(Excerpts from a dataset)

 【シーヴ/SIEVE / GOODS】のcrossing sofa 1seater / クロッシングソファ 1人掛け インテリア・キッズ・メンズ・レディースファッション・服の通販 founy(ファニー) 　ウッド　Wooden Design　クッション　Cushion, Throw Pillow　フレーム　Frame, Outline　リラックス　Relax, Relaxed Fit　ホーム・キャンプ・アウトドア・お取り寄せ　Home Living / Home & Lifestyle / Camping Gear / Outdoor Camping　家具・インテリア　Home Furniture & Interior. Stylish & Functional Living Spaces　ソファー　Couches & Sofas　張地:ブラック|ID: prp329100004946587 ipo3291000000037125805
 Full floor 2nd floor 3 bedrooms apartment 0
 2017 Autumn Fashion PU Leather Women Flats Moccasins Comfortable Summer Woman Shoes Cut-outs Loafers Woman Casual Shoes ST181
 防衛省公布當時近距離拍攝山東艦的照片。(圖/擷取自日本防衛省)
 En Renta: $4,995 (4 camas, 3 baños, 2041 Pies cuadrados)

§ **Work to complete**:
Set every record down again exactly as written.

§ **Task output**:
 【シーヴ/SIEVE / GOODS】のcrossing sofa 1seater / クロッシングソファ 1人掛け インテリア・キッズ・メンズ・レディースファッション・服の通販 founy(ファニー) 　ウッド　Wooden Design　クッション　Cushion, Throw Pillow　フレーム　Frame, Outline　リラックス　Relax, Relaxed Fit　ホーム・キャンプ・アウトドア・お取り寄せ　Home Living / Home & Lifestyle / Camping Gear / Outdoor Camping　家具・インテリア　Home Furniture & Interior. Stylish & Functional Living Spaces　ソファー　Couches & Sofas　張地:ブラック|ID: prp329100004946587 ipo3291000000037125805
 Full floor 2nd floor 3 bedrooms apartment 0
 2017 Autumn Fashion PU Leather Women Flats Moccasins Comfortable Summer Woman Shoes Cut-outs Loafers Woman Casual Shoes ST181
 防衛省公布當時近距離拍攝山東艦的照片。(圖/擷取自日本防衛省)
 En Renta: $4,995 (4 camas, 3 baños, 2041 Pies cuadrados)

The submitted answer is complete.